Your task:
Only the lines from the one containing "Cincinnati, Ohio Reading" through the end of the material should be printed, exactly as they appear. Leave out pictures.

Material provided:
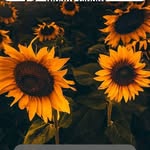 Vicky Kennedy - @vicky.kennedy.399 - Instagram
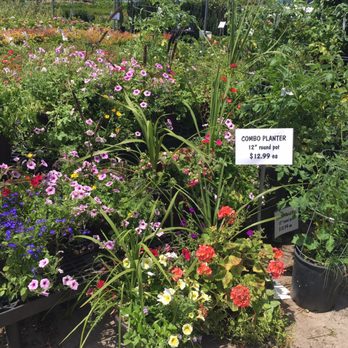 Reading Feed & Garden - Pet Stores Near Me - Cincinnati, Ohio Reading Feed & Garden - Pet Stores Near Me - Cincinnati, Ohio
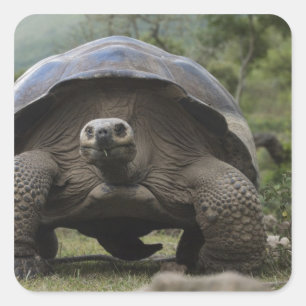 Sticker Carré Galapagos Giant Tortoises Geochelone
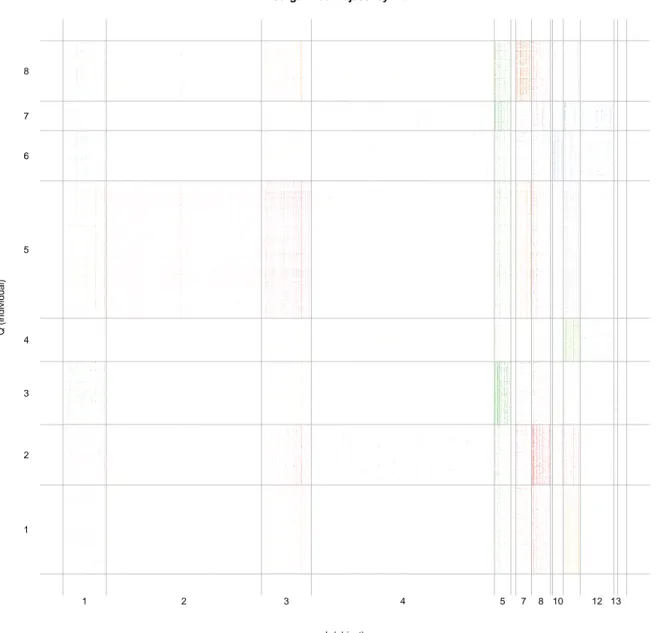 Figure 8: The Reorganized incidence matrix where nearby rows/columns belong to the same row/column cluster (delimited by grey lines)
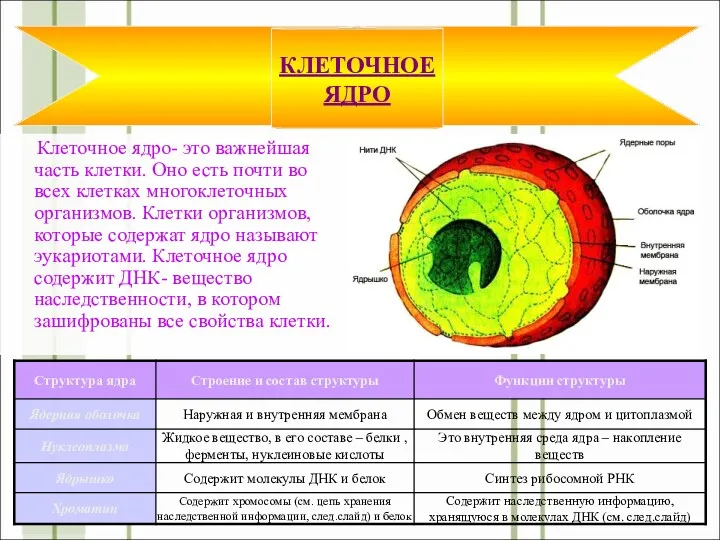 Клеточное ядро- это важнейшая часть клетки. Оно есть почти во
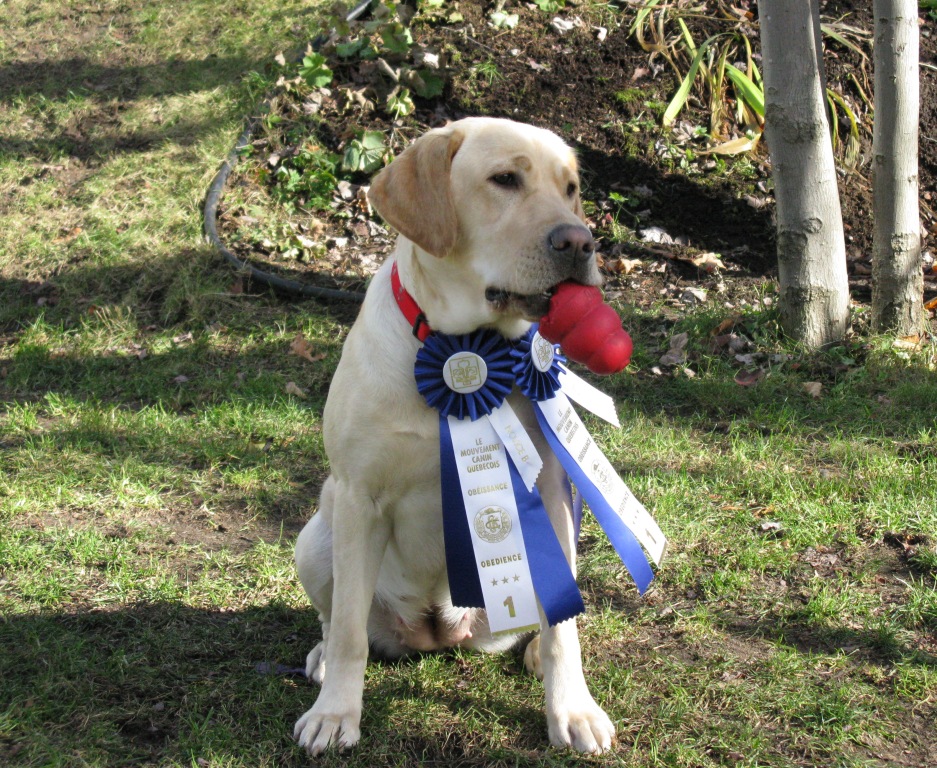 Élevage des Cimes Labrador Retriever Competition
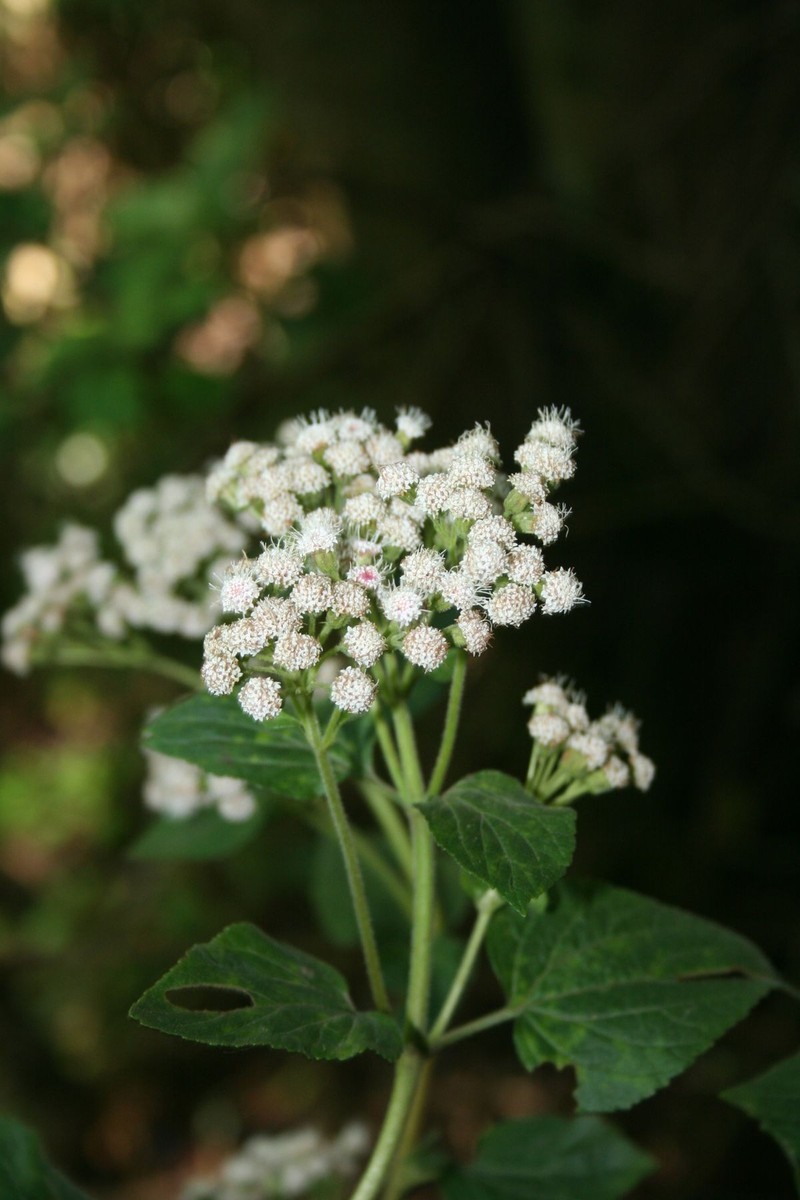 Ageratina bustamenta photo 4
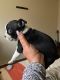Boston Terrier Puppies for sale in 500 Tomar Dr, San Antonio, TX 78227, USA. price: $600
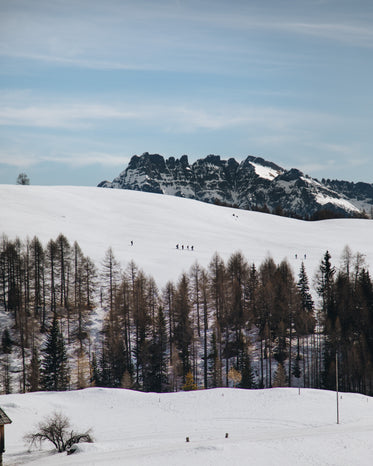 winter travelers in the distance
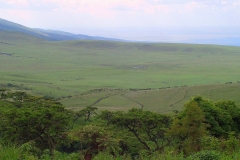 Tansania, Serengeti, Savannenhochland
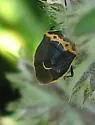 Cosmopepla conspicillaris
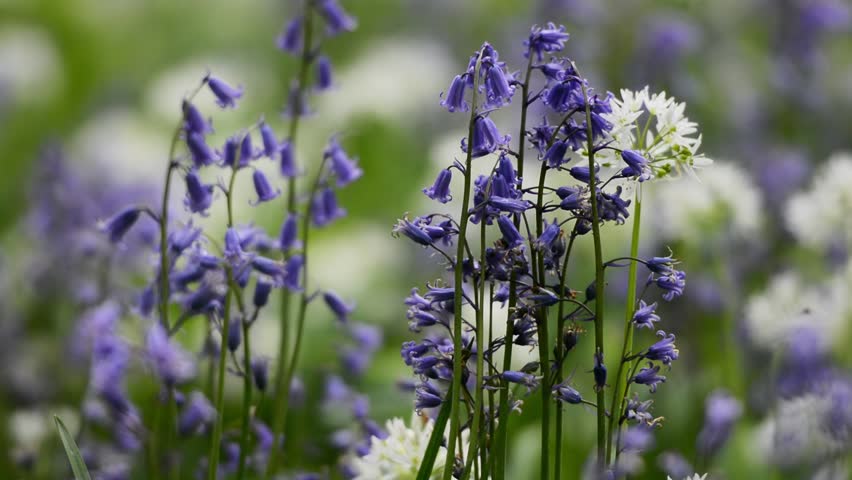 Header of white garlic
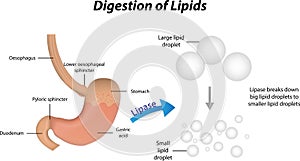 Digestion of Lipids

Response box:
 Reading Feed & Garden - Pet Stores Near Me - Cincinnati, Ohio Reading Feed & Garden - Pet Stores Near Me - Cincinnati, Ohio
 Sticker Carré Galapagos Giant Tortoises Geochelone
 Figure 8: The Reorganized incidence matrix where nearby rows/columns belong to the same row/column cluster (delimited by grey lines)
 Клеточное ядро- это важнейшая часть клетки. Оно есть почти во
 Élevage des Cimes Labrador Retriever Competition
 Ageratina bustamenta photo 4
Boston Terrier Puppies for sale in 500 Tomar Dr, San Antonio, TX 78227, USA. price: $600
 winter travelers in the distance
 Tansania, Serengeti, Savannenhochland
 Cosmopepla conspicillaris
 Header of white garlic
 Digestion of Lipids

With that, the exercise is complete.